■ PROBLEM ■
The line containing "Lot 12-4 W Orchid" and every line after it, through the end of the material: copy these exactly and nothing else, leaving pictures out.

■ DATA SEGMENT ■
┏━━

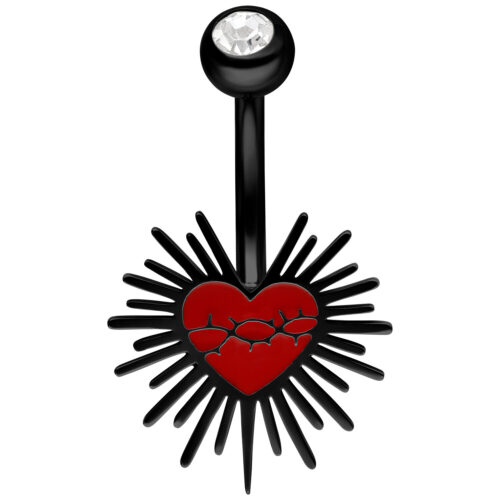 Bananabell Sacred Heart Spine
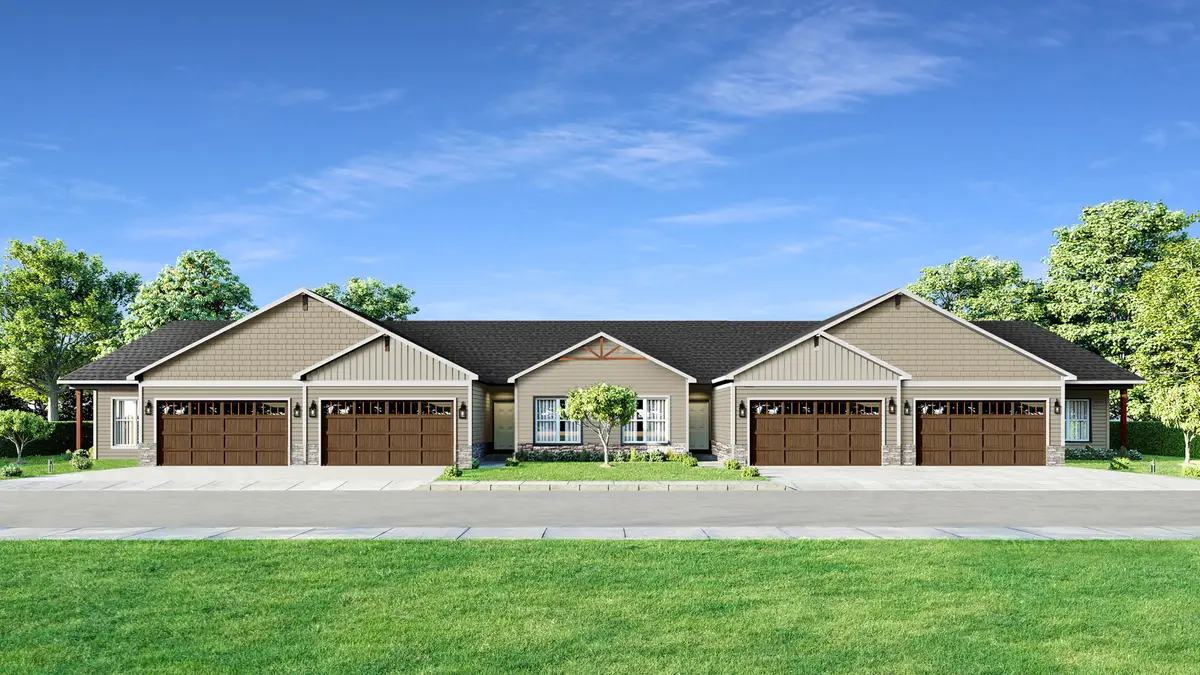 Lot 12-4 W Orchid Lane #2, Channahon, IL 60410 - #1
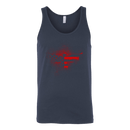Blood Eagle Tank Top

┗━━

■ EXERCISE RESULT ■
 Lot 12-4 W Orchid Lane #2, Channahon, IL 60410 - #1
Blood Eagle Tank Top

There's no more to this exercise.